(Exercise brief) Scan the entries below and give the number of lines containing "Avec", with no accompanying words.

====== The input

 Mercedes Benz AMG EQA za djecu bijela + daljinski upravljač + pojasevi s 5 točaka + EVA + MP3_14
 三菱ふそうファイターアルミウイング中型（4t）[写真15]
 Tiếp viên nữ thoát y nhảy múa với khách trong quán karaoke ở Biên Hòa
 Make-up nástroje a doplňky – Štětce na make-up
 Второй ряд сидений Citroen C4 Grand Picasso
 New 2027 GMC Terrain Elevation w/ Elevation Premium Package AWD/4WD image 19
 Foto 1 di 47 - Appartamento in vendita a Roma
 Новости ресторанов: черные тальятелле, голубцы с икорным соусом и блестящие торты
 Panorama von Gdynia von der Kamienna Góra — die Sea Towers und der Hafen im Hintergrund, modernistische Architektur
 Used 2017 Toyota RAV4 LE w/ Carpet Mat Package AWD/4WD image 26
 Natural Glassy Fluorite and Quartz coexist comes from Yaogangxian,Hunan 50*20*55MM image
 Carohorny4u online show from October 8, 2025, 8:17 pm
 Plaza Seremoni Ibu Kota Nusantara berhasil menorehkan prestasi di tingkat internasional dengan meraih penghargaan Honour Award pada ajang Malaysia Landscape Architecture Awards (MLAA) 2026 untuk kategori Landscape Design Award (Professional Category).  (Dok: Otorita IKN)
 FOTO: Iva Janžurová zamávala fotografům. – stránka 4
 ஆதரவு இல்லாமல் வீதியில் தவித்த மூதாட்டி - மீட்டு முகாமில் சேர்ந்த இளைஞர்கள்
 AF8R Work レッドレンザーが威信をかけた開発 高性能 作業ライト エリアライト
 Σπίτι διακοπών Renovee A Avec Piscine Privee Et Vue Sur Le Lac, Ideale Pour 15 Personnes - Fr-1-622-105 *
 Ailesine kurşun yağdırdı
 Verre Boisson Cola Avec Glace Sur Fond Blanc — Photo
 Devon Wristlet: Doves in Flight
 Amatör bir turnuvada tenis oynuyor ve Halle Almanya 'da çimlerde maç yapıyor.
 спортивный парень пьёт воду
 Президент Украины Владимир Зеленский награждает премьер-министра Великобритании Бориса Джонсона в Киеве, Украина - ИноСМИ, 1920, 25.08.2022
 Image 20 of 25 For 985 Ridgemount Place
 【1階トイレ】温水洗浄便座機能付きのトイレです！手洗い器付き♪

============

(Task solution) 2